21
de junho de
2004
A pretensão
de Cazuza, o tempo não pára (2004), cinebiografia
de um dos ícones da cultura musical brasileira dos anos
80, é radiografar uma geração e expor a
angústia de uma de suas principais cabeças. Dirigido
a quatro mãos por Sandra Werneck e Walter Caravalho, a
narrativa assimila detalhes desta simbiose (a dupla direção);
as relações humanas rangentes de Cazuza (com seus
amigos e seus pais) topam nas características melodramáticas
de Sandra uma saída, mas as preocupações
documentais ao filmar os shows musicais vem da marcação
de Carvalho.
A
película não deixa de tocar o espectador, especialmente
aquele que pertence àquela geração colhida
pela Aids na passagem da juventude para a maturidade. De certa
maneira, nos anos 80, em maior ou menor grau, todos os jovens
daqueles anos fomos um pouco Cazuza: demasiadamente sonhadores,
demasiadamente irresponsáveis, demasiadamente sem limites,
como se a casa dos vinte anos nunca fosse terminar. Como diz
a certa altura o pai de Cazuza para seu filho, é de se
perguntar que esta geração fará quando chegar
ao poder; a resposta cai como uma luva nos dias de hoje, em que
Lula, outro dos ídolos de nossa mocidade, tem feito um
governo burocrático, sonhos por águas abaixo.
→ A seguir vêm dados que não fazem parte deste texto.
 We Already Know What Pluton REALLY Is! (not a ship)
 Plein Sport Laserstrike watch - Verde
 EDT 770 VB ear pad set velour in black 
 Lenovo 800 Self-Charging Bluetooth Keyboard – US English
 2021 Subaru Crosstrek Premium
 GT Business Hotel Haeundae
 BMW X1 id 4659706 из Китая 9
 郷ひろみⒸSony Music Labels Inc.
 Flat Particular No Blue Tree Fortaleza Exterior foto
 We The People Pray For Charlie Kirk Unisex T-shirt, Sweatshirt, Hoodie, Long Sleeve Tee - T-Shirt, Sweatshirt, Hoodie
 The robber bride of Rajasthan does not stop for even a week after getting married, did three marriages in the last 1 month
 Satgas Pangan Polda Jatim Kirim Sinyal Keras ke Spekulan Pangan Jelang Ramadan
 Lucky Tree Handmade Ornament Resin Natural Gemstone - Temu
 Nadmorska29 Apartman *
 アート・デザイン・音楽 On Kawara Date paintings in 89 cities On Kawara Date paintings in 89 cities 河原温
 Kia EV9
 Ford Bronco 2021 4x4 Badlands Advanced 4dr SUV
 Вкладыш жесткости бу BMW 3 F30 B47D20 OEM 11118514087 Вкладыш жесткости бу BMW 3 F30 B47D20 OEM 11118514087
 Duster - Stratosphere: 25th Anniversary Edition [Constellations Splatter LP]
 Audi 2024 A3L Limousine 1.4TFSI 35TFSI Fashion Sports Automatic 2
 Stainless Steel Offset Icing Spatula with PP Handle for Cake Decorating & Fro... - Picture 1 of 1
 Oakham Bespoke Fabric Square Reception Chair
Cazuza é produzido por Daniel Filho com capitais da Globo
Filmes e contou com a fortíssima propaganda dum horário
de telenovela da Rede Globo de Televisão. Mas isto não
significa que sua narrativa obedeça a métodos televisivos,
como ocorre com um certo cinema brasileiro vertido em celulóide
por diretores de telenovelas: Sandra e Carvalho tem o senso do
cinema para darem seu recado sem constranger o cinéfilo
com soluções estéticas híbridas e
amorfas.
Cazuza,
a personagem, colocou em sua vida aquela sentença
de Edgar Morin (pensador francês com alma de poeta, como
bem lembra seu tradutor, o gaúcho Juremir Machado da Silva)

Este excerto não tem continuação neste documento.